Utilising analyze.dictionary

The analyze.dictionary covers both holistic sentiment statistics as well as detailed lexical category analysis. Together these provide both the forest and the trees - from overall sentiment trends down to word type composition:

  • Dictionary Type: Indicates if the sentiment is measured via labels (discrete/categorical) or scores (continuous). The type includes categorical, discrete, continuous, categorical (multi-label), and discrete (multi-label).

  • Sentiment Score: Distribution statistics of sentiment labels or scores. For labels, it summarises the frequency of labels within the dictionary. For scores, it summarises the overall sentiment distribution, such as frequency, mean, median, range, and standard deviation.
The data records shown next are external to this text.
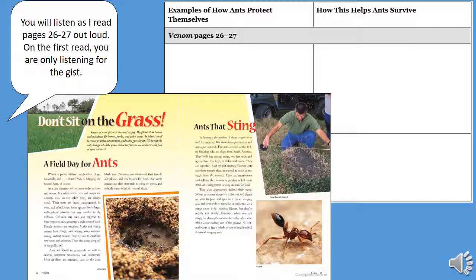Ants are members of the same order as bees and wasps. But while some bees and wasps are solitary, ants are always social. Their nests are found underground, in trees, and in buildings. Some species live in large, well-ordered colonies that may number in the millions. Colonies may even join together to form super colonies covering a wide area of land. Female workers are wingless; males and young queens have wings. During mating season, they fly out to establish new nests and colonies, then the wings drop off or are pulled off. Ants are found in grasslands, deserts, temperate woodlands, and rainforests. Most of them are harmless, but some species use their rear ends to sting or spray.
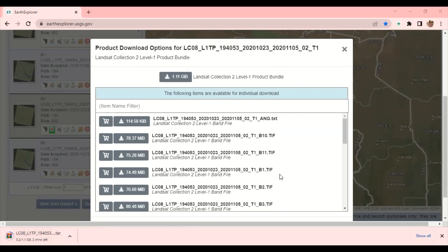I'm going to end today's video here. If you have been able to download the image, the next video we are going to learn how to extract the image and upload it into ENVI and do basic image processing like calibration, geometric correction, and other steps. So basically this is the end of this video — thank you very much for watching. If you are new here, please subscribe to help the YouTube channel grow. Thank you very much, I'll see you another time.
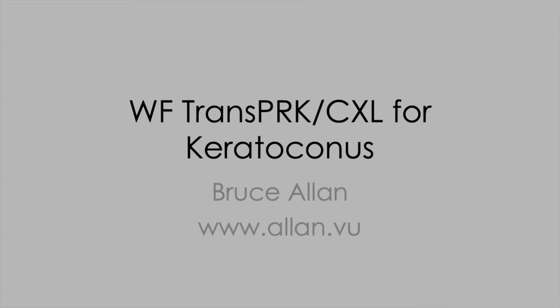Here we're going to walk you through the programming steps and the logic behind trans-PRK and cross-linking using the Schwind Amaris laser platform.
  • Sentiment Lexicon: Breaks down lexicon by its Parts-of Speech (POS). Provides frequency counts for categories like nouns, adjectives, verbs, emoticons, and more. Useful for understanding lexicon composition.

    • General POS Tags: A general overview of POS tags using simplified Universal POS tagging system influenced by NLTK. Includes adjectives, adverbs, conjunctions, determiners, emos (emoticons and emojis), nouns, numerals, particles, prepositions, pronouns, verbs, miscellaneous.

    • Granular POS Tags: More fine-grained lexical breakdown using OntoNotes(ver5.0) tagging system. Includes singular/plural nouns, comparative/superlative adjectives, verb tenses, and more. Enables deeper lexical analysis.

    • Miscellaneous POS: Catches any rare or unknown Part-of-Speech tags for completeness.

Warning

Please note that the input for analyze.dictionary must be either predefined dictionary identifier or processed dictionary loaded with sentibank.archive.load().dict. Also note that SenticNet_v{year}_attributesare currently not compatible with such module.